When the Illini needed a big performance from their best player, McCamey wasn’t up to the task against a swarming Jayhawks defense intent on shutting him down.
Perhaps it was fitting that his often-rocky career would end with a dud — six points (2-for-9 shooting) and seven assists — two nights after a great performance against eighth-seeded UNLV.
‘‘It’s tough, especially losing a game knowing you didn’t make the shots you normally make or the plays you normally make,’’ McCamey said. ‘‘It’s just tough knowing that you have to go home now. And for the four seniors, it’s our last game in an Illini uniform.
‘‘But for the season, we had our ups and downs, and it taught me a lot. Kansas is a great team. We kept fighting, and that’s why I’m really proud of my teammates. Nobody gave up, and everybody fought to the end.’’
McCamey and fellow seniors Mike Davis, Mike Tisdale and Bill Cole were a much-maligned group during their four seasons in Champaign. Never was that truer than this season, when a promising 10-1 start was undercut by second-half struggles that resulted in a 20-14 finish.
Tisdale and Davis, though, said they have no regrets.
‘‘We played as hard as we could,’’ Tisdale said. ‘‘We may not have won, but I’m proud of us and our team, so that’s all I have to say.’’
‘‘We love the fans, whether they don’t like us or not,’’ Davis said. ‘‘We just love them, and we want to thank all the fans for being so supportive.’’
McCamey is done at Illinois, but he is hoping to continue his career in the NBA next season. His draft status is uncertain at this point, but he’ll have ample opportunity to prove his worth during predraft camps and workouts this spring.

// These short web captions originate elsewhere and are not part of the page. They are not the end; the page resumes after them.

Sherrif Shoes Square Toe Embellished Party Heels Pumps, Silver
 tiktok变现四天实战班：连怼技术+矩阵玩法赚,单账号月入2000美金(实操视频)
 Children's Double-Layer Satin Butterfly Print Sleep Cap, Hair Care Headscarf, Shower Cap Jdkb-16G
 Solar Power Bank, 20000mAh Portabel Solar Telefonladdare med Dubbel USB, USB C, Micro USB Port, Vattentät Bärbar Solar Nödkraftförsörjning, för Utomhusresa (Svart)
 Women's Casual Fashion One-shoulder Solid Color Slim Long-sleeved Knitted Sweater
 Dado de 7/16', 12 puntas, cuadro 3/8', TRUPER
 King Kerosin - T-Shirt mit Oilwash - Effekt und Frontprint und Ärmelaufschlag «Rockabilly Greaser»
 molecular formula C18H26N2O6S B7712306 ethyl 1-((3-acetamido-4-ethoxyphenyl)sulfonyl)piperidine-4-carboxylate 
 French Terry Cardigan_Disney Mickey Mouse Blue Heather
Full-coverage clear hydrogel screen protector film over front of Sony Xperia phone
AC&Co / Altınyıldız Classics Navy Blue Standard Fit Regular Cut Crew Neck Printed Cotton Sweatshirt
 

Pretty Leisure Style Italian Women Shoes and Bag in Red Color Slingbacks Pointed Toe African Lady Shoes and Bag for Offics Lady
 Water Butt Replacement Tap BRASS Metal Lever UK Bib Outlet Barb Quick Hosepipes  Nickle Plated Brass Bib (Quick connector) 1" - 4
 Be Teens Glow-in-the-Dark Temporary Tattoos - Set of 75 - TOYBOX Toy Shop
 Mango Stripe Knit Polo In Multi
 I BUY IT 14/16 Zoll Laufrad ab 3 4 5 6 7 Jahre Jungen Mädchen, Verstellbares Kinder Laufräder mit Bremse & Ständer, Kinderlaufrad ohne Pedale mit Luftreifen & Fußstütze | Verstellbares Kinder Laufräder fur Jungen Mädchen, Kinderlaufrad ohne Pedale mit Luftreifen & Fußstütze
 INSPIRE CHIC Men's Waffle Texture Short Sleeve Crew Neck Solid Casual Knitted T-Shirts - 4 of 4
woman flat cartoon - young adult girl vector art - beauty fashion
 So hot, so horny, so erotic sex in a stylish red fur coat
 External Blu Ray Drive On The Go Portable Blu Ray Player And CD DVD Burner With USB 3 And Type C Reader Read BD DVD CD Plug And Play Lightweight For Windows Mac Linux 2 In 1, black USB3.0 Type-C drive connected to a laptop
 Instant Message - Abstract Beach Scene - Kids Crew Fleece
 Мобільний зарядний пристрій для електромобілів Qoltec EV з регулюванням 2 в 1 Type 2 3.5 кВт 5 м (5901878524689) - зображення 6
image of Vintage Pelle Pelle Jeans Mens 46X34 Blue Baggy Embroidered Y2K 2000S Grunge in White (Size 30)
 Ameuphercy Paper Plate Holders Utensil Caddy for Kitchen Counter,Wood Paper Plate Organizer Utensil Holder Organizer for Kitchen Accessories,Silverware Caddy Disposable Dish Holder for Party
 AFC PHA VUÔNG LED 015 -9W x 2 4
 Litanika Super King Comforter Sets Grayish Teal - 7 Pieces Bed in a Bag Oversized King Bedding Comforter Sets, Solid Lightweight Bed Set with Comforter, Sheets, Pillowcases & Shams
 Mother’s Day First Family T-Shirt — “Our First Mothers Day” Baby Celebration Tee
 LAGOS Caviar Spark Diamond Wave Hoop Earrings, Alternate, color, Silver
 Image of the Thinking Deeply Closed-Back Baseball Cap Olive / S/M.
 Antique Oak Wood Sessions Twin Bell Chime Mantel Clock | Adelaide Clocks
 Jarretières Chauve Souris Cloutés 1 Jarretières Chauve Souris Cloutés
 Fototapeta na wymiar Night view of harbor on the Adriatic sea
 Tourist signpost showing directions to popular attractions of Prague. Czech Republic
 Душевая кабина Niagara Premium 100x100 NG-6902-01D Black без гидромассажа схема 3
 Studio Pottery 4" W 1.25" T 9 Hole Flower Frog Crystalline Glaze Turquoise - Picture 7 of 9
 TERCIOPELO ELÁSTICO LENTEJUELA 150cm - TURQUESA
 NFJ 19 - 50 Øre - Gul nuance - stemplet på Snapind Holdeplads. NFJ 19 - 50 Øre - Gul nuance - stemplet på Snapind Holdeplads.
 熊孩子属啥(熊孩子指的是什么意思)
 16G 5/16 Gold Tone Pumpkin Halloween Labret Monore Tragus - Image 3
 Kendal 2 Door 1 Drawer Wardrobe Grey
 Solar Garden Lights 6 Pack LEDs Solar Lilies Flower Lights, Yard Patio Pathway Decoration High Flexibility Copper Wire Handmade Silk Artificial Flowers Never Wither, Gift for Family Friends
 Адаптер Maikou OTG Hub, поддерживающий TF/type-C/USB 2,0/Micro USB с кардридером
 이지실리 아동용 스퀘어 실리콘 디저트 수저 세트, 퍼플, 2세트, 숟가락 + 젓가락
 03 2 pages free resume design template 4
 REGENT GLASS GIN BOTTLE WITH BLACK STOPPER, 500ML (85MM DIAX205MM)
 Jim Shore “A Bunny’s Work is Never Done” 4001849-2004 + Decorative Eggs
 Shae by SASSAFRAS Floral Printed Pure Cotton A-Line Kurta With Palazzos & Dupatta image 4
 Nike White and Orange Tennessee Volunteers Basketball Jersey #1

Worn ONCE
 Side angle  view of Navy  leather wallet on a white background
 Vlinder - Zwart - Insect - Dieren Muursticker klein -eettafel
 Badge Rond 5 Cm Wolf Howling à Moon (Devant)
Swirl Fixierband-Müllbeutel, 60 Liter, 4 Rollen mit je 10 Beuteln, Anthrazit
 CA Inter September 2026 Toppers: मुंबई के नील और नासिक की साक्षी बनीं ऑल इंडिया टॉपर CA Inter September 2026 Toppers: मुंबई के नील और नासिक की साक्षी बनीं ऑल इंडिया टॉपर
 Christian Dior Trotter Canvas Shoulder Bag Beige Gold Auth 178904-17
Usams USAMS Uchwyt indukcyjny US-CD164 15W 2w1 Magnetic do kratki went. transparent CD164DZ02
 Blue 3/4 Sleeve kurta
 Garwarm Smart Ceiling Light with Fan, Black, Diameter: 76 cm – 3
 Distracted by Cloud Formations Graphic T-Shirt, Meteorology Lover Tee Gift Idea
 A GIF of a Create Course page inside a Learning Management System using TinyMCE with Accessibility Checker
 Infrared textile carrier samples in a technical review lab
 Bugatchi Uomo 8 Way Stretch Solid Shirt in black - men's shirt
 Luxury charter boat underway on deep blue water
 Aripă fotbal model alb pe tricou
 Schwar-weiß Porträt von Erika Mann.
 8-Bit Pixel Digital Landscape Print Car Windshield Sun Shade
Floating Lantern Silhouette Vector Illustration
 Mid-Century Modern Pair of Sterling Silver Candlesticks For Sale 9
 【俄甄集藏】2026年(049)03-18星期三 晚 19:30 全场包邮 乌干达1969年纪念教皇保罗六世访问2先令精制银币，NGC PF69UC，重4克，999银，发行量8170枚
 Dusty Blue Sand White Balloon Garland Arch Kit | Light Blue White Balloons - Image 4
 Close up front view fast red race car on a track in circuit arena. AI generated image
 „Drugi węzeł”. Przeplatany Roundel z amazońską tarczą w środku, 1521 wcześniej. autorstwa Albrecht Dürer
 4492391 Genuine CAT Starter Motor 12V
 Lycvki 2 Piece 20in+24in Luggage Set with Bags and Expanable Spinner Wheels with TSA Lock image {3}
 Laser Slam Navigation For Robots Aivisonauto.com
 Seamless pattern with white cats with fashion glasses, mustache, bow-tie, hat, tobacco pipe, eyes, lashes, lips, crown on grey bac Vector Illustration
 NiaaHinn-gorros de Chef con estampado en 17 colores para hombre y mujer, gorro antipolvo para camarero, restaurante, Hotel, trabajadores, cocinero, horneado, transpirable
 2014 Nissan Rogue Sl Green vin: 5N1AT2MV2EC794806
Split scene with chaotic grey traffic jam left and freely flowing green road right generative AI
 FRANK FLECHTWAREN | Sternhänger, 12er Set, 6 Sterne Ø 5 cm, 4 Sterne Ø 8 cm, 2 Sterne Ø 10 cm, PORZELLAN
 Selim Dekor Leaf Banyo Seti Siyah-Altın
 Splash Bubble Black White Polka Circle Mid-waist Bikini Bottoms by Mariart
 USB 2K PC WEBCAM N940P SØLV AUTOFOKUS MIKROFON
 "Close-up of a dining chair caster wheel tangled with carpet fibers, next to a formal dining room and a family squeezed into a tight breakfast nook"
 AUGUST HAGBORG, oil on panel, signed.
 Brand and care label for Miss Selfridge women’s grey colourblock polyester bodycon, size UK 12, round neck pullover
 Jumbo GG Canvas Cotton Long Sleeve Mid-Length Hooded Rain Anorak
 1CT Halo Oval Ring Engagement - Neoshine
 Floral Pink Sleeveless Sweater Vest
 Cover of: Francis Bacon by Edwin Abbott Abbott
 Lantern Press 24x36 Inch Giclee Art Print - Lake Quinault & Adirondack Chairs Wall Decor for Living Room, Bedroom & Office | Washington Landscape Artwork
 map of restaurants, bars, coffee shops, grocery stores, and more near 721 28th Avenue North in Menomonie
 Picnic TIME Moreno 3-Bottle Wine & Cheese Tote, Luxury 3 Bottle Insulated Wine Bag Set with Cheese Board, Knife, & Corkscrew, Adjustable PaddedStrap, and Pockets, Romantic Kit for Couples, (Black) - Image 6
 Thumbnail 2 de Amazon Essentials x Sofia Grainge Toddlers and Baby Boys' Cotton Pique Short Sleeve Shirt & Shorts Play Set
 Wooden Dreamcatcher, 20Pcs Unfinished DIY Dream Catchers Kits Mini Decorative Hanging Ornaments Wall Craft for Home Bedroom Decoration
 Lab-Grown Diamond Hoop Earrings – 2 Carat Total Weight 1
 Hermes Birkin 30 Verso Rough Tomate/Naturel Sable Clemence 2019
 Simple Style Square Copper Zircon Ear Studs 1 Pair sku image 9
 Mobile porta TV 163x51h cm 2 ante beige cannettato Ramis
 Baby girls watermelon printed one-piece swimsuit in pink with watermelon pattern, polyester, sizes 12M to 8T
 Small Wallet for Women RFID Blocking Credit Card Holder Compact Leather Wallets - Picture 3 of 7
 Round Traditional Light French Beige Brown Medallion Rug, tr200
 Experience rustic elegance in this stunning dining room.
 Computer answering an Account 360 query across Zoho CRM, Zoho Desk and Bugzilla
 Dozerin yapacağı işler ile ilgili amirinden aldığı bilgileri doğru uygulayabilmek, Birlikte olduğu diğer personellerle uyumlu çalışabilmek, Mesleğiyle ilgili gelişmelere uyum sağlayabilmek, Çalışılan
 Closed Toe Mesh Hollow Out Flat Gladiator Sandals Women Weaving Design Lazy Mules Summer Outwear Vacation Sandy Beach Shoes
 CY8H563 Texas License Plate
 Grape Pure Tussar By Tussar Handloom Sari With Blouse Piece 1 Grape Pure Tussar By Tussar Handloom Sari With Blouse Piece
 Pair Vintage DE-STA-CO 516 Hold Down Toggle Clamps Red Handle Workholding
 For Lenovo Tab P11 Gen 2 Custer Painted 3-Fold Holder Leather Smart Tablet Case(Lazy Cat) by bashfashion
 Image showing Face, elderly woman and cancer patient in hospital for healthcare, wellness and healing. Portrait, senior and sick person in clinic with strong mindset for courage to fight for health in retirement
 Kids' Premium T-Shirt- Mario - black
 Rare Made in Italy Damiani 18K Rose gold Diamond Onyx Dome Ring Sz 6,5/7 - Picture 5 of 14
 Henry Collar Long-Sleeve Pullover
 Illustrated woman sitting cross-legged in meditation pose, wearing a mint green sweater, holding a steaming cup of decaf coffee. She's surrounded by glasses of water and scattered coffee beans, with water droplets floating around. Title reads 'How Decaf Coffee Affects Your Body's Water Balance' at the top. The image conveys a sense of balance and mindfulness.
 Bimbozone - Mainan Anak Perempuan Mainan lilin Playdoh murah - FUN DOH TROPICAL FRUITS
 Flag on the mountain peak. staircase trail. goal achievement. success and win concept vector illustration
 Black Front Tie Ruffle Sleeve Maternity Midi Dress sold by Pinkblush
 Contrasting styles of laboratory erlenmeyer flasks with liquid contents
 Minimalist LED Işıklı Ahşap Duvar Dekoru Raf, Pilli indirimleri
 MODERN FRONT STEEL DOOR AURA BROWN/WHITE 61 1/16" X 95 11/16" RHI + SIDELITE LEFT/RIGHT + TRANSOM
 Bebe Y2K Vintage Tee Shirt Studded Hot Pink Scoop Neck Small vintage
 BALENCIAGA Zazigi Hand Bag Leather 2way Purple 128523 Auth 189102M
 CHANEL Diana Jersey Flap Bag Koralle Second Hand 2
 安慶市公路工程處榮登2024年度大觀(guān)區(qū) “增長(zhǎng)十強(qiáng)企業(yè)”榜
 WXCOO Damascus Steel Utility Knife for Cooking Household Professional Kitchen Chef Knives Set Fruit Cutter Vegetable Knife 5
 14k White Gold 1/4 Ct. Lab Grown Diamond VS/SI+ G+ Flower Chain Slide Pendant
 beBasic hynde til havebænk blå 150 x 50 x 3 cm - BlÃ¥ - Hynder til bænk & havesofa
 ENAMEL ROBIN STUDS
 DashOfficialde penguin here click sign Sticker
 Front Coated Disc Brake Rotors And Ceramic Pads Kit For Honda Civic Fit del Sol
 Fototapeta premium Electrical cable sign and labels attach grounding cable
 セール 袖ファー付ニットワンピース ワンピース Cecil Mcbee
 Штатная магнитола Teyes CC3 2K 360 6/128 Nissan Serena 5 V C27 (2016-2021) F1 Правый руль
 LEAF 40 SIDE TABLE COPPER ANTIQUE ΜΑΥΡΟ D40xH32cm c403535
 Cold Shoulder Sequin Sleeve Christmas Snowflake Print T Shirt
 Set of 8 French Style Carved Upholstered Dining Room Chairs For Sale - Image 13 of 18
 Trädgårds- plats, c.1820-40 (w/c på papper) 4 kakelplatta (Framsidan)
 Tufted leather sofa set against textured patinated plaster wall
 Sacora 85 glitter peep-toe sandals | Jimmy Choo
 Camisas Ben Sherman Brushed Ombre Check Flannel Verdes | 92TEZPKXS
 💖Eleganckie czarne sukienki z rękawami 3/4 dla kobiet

McCamey certainly has the physical talent to make it as a point guard in the NBA — Kansas coach Bill Self compared him to former Illini star Deron Williams — but he must eliminate the mistakes that often got coach Bruce Weber on his back.
For Illinois, the page turns to next season. Weber has a highly rated recruiting class coming in — plus Bradley transfer Sam Maniscalco, who should provide stability at point guard — but some of the underclassmen (Brandon Paul, D.J. Richardson and Jereme Richmond, in particular) must step up and become consistent performers for the team to be successful.
‘‘You have to realize how fast it goes and how hard it is and how hard you have to work,’’ Weber said. ‘‘If you want a special moment like this, you’ve got to be prepared and put in that effort beyond just practice, beyond just weights, beyond just conditioning in the summer. It’s got to be a special effort.
‘‘We’ve got to get some young guys to step up and give that and be that leader that pushes people.’’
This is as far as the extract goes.